Conclusion: Buying Persona has a different shape and impact in companies depending on their size and industry. That's a fact. That's also a reason each time this exercise needs to be done and redone thoroughly by the sales and marketing leader together. Ultimately, these two leaders are destined to work towards the same goals that help to win their organization. The third component, the Renewal teams, should be remembered in this exercise. However, that approach takes a toll when the company starts facing a higher churn and desperately seeks an explanation for its poor performance. Making this mistake early without immediate corrective action can cost you dearly. Getting out of the churn spiral might be more complicated than you think, dragging your profitability into the abyss and giving you little choice but severely cutting your cost envelope (not fun, for sure).


Here are some other tactical recommendations for those who are interested in getting their process better:

  1. Incorporate your Buying Persona exercise in your annual planning. There is no reason why you shouldn't make revisions to the definition. Markets and organizations can change over 6 or 12 months. Why would you leave that on the table, assuming your profit and loss won't be impacted? Do you feel more confident that your revenue target gets achieved without buying persona exercise? That's what I thought.

  2. Define your ICP first. Buying Persona is often representing or purchasing on behalf of their organizations. You must define the ICP before including or collecting data behind their individuals or roles within these organizations. Since every industry or market follows different conditions, their functions, behaviors, and responsibilities might differ. It's essential to play well to their preferences.

  3. Align the activities related to the specific persona with your sales process. Steps in the stages of your sales must include expectations around the buying persona goals, objectives, and ability to consume the right collateral. You can't just send anything. Your materials or meetings must be well thought out from the contact perspective so that your buyer is walked through the well-designed disciplined thinking that builds their perception about the solution and their role objectives. Think about it as an evolution of your relationship with your newly met acquaintance. You are not sharing with them all the details about your private life. That's how most of us operate at work.

  4. Assemble your data sources into one model. Gather customer surveys, market research from think tanks, website analytics, social media data, and customer interviews. These all should be ranked, dissected, and synthesized before decisions are made and changes operationalized, trickling down into daily operations.

  5. Structure your data mix categories between demographics, buying behavior, psychographics, pain points, and role in the buying committee. Often you will end up with several roles that must be identified in this exercise. Each of them will have a different percentage behind these categories.

  6. Review and adjust regularly. You don't have to wait for another planning exercise to make a few tweaks here and there. It is not an exact science-like exercise; therefore, once you set up your machine, your conclusions and adjustments will become a more straightforward call.

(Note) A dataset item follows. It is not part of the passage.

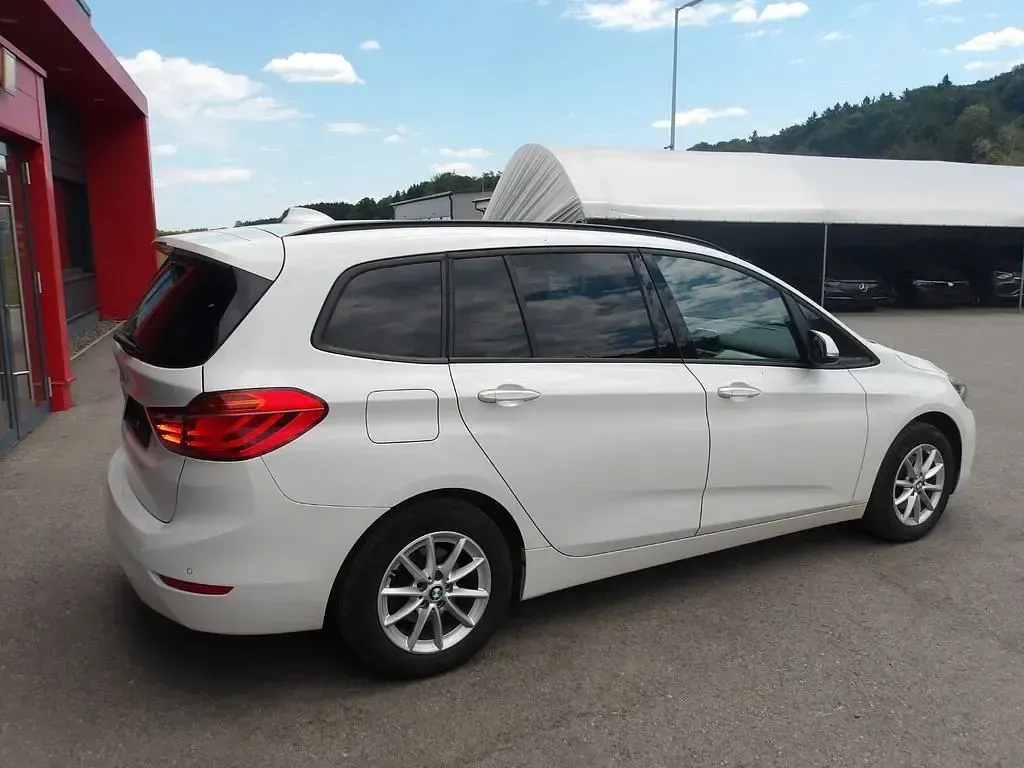 Gebraucht BMW 216 Gran Tourer 116 PS (85 kW) 2021 Weiß Van / Kleinbus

  7. Finally, you must be specific enough. It can only be done at a low level; otherwise, your teams will abandon this quickly. The trick is to have enough details so each seller can figure out several ways to make conversations appealing. The more information we know about this persona, the more angles you get as a seller to enter the conversation. Getting someone's attention is more challenging than ever; therefore, you can't afford to do this work scratching the surface. That may be the secret to why not many organizations follow these principles.